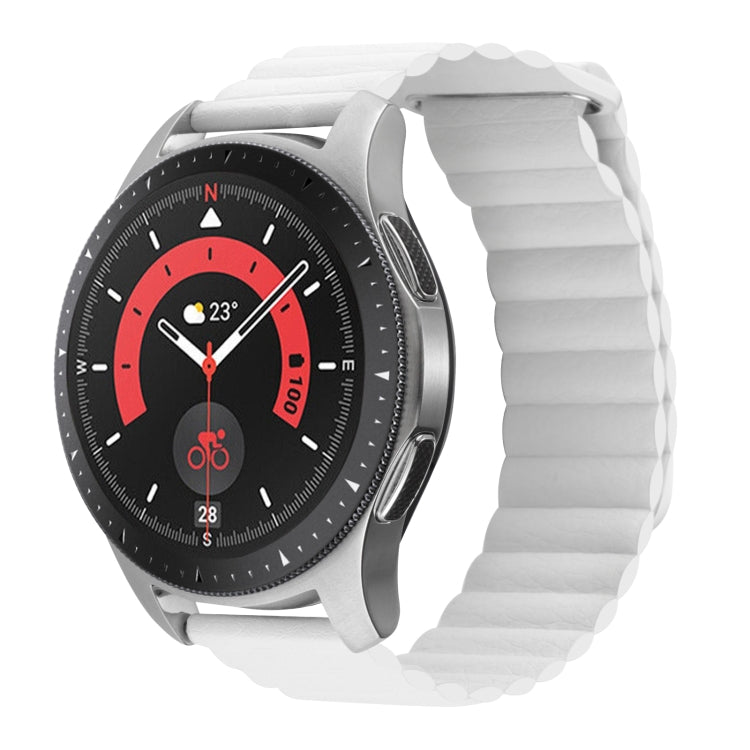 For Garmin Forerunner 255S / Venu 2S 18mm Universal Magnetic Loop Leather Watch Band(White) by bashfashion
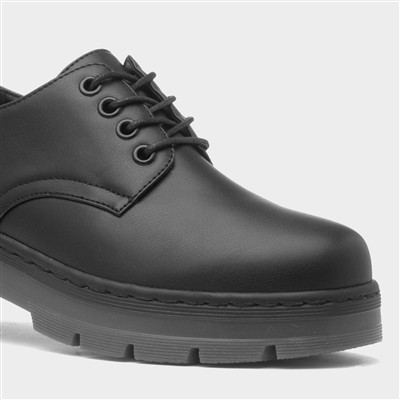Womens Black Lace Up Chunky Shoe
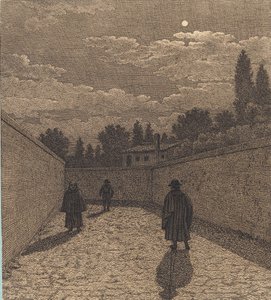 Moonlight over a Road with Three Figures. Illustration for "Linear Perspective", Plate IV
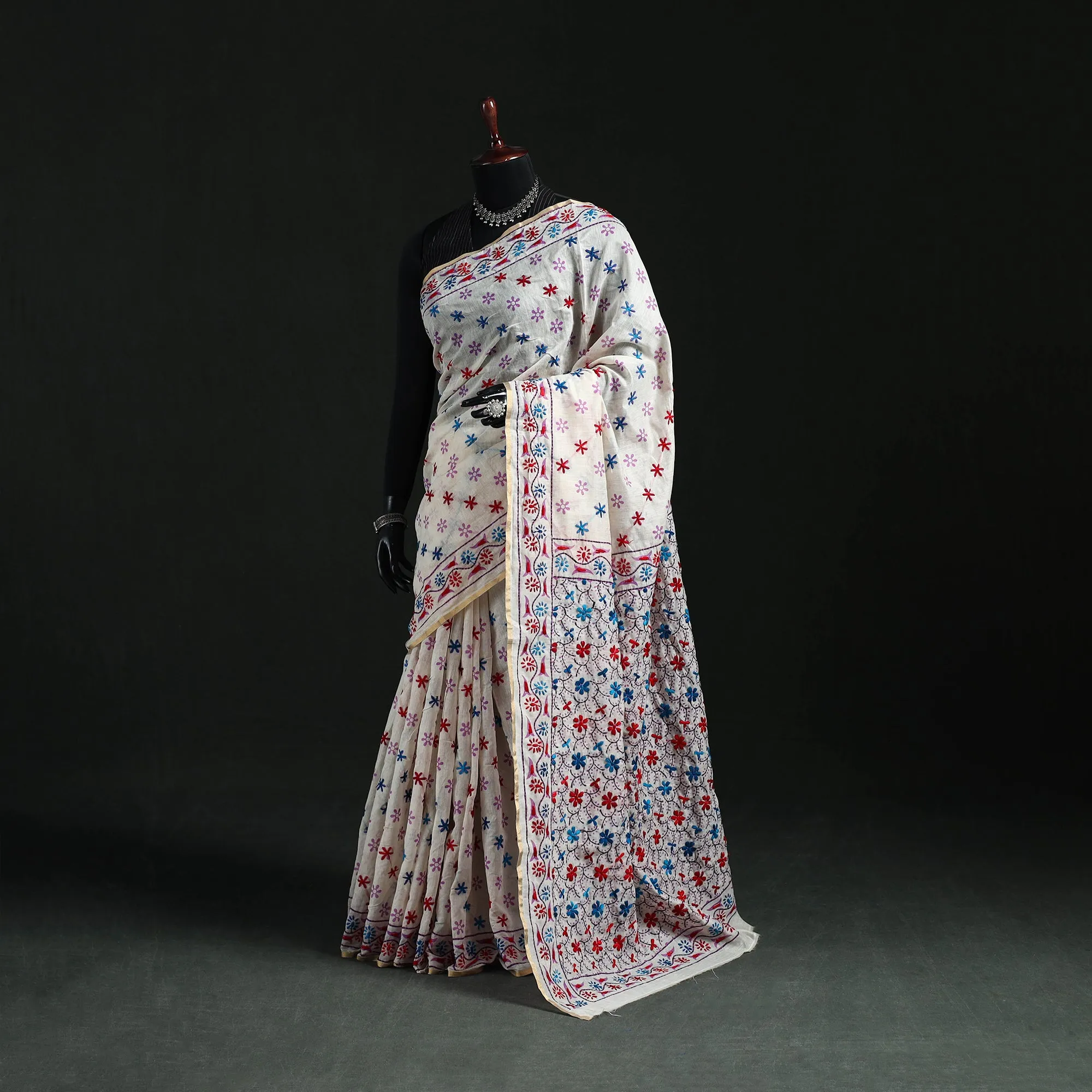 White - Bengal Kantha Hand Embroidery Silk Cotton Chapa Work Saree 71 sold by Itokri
---
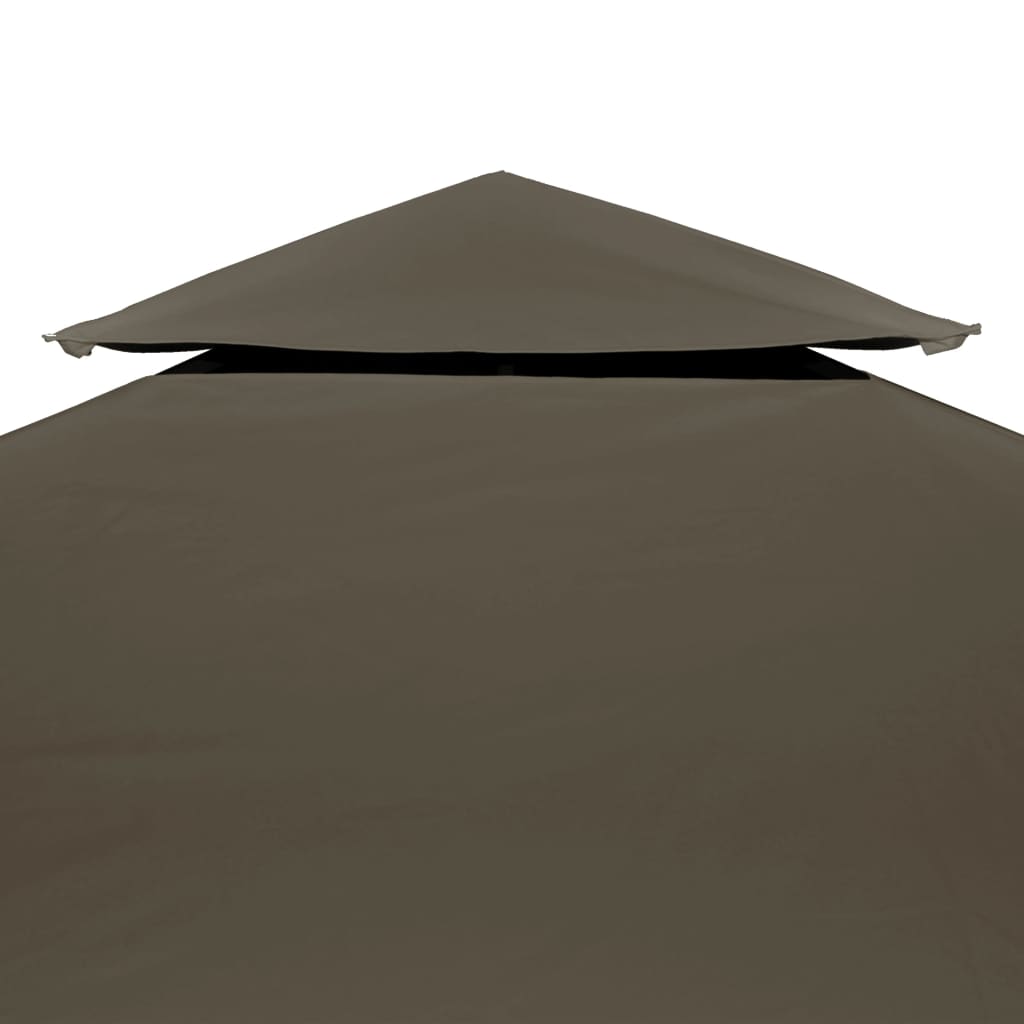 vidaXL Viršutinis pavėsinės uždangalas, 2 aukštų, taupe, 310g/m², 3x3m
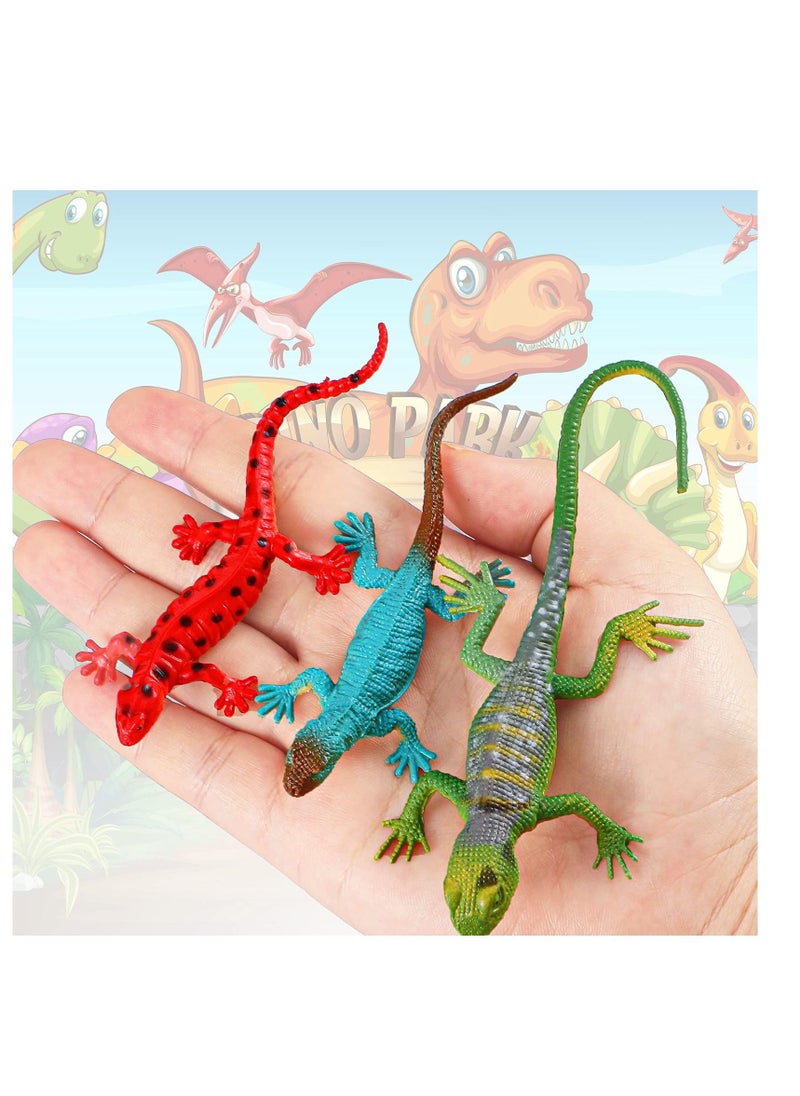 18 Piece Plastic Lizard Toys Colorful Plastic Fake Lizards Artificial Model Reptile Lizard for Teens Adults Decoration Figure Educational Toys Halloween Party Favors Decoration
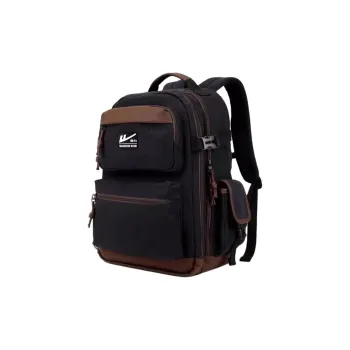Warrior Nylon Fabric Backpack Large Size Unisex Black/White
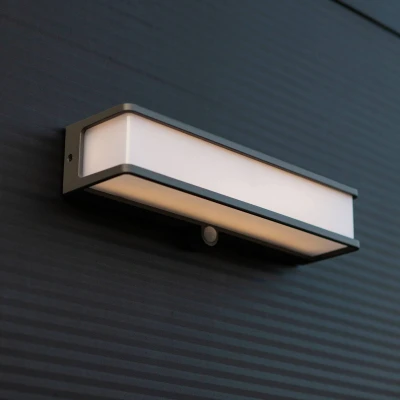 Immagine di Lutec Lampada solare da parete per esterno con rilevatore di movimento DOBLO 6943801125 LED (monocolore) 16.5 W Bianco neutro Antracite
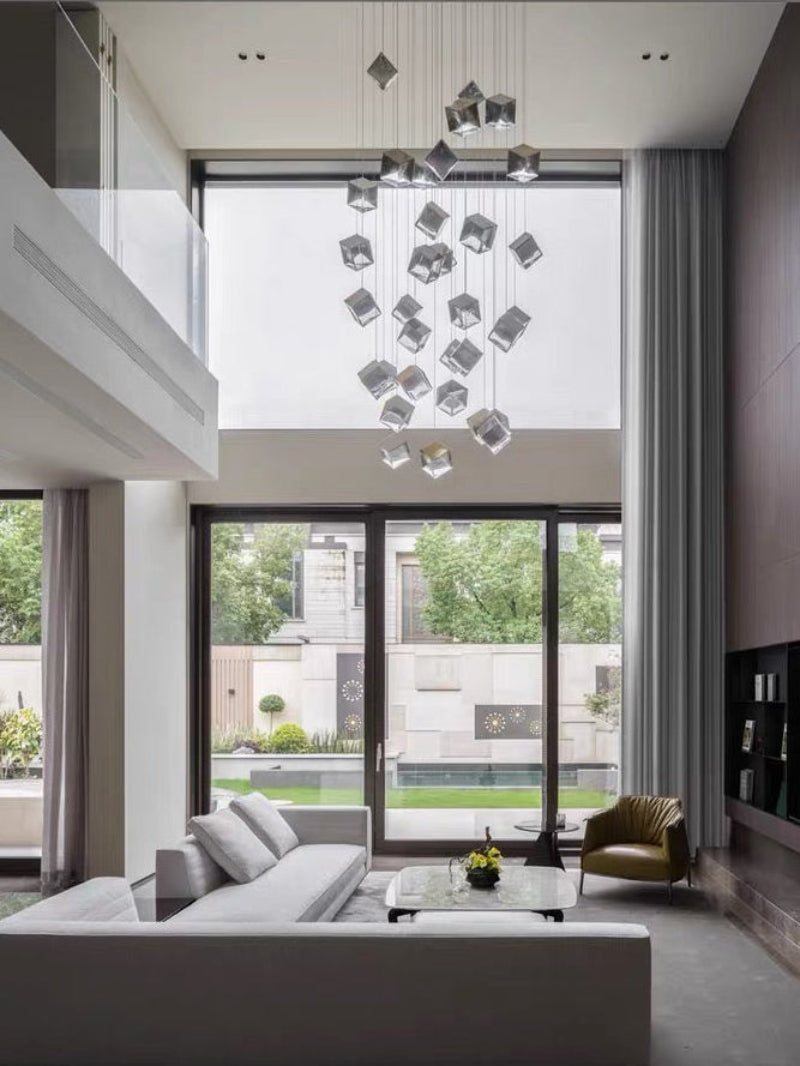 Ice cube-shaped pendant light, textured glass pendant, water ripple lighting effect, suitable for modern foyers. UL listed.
* * *
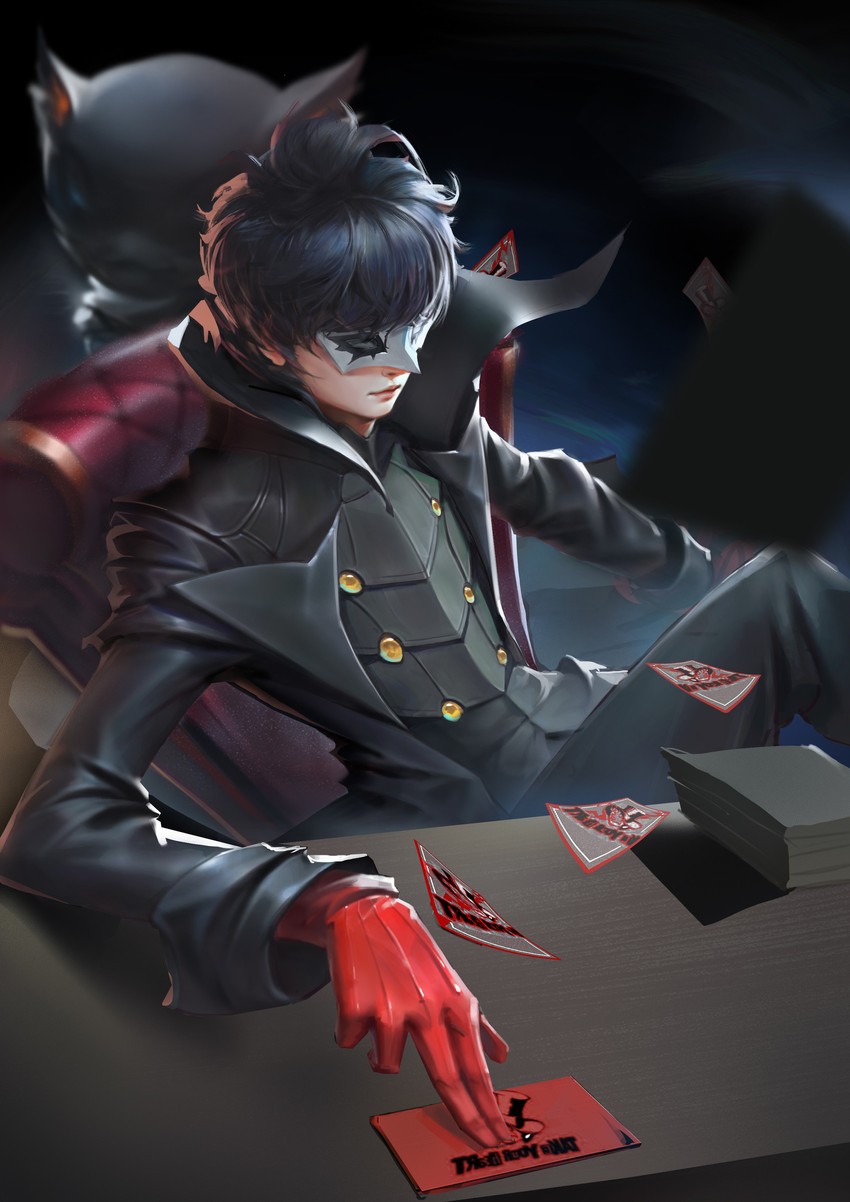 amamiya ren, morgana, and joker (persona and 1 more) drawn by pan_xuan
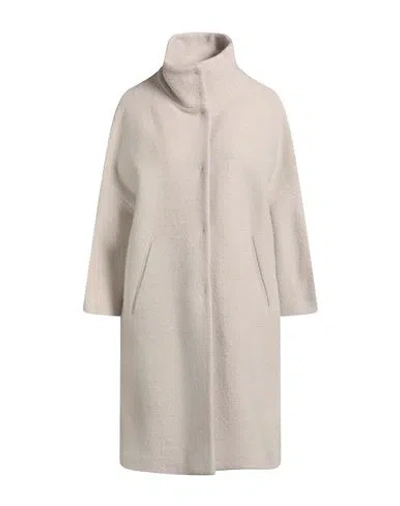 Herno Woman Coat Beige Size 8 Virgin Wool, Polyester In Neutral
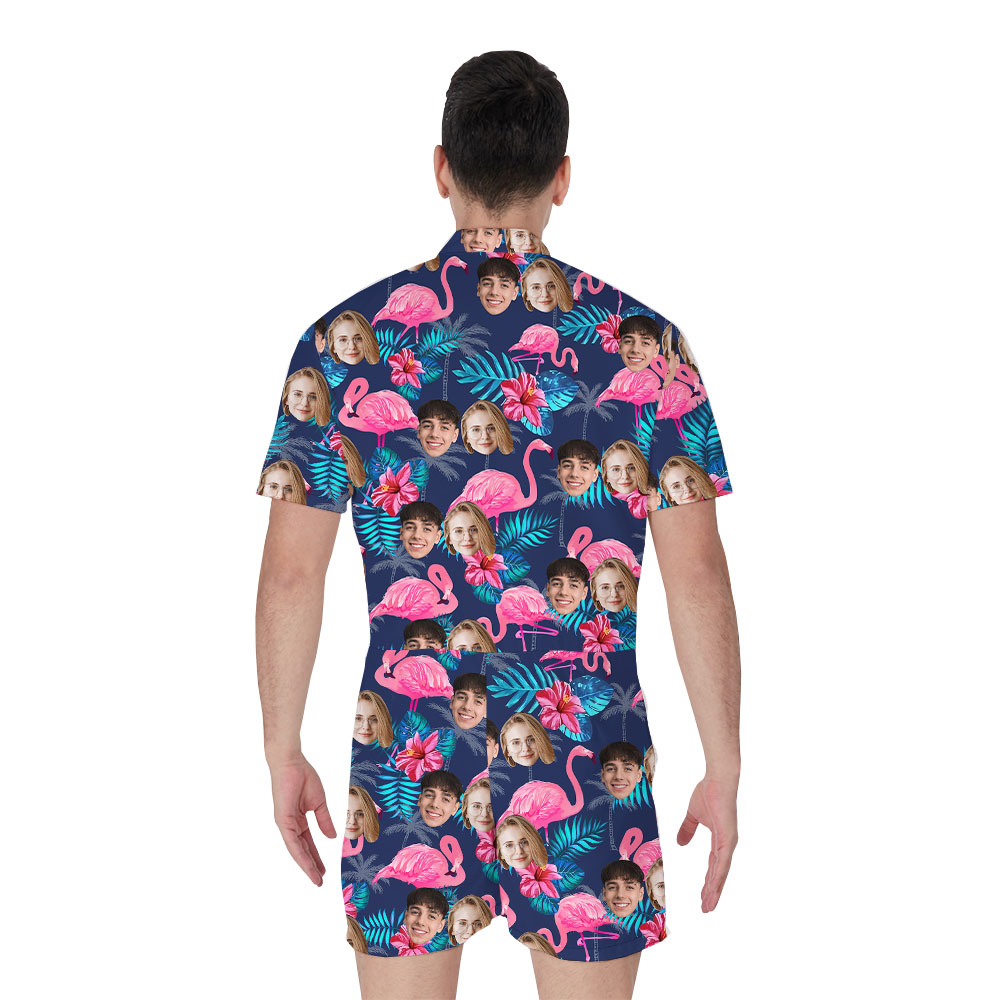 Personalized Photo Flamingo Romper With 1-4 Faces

**Assignment**
Look above for the line with "For Garmin Forerunner" and the line with "White - Bengal". Output those two and everything between them exactly, pictures excluded.

**Expected output**
 For Garmin Forerunner 255S / Venu 2S 18mm Universal Magnetic Loop Leather Watch Band(White) by bashfashion
Womens Black Lace Up Chunky Shoe
 Moonlight over a Road with Three Figures. Illustration for "Linear Perspective", Plate IV
 White - Bengal Kantha Hand Embroidery Silk Cotton Chapa Work Saree 71 sold by Itokri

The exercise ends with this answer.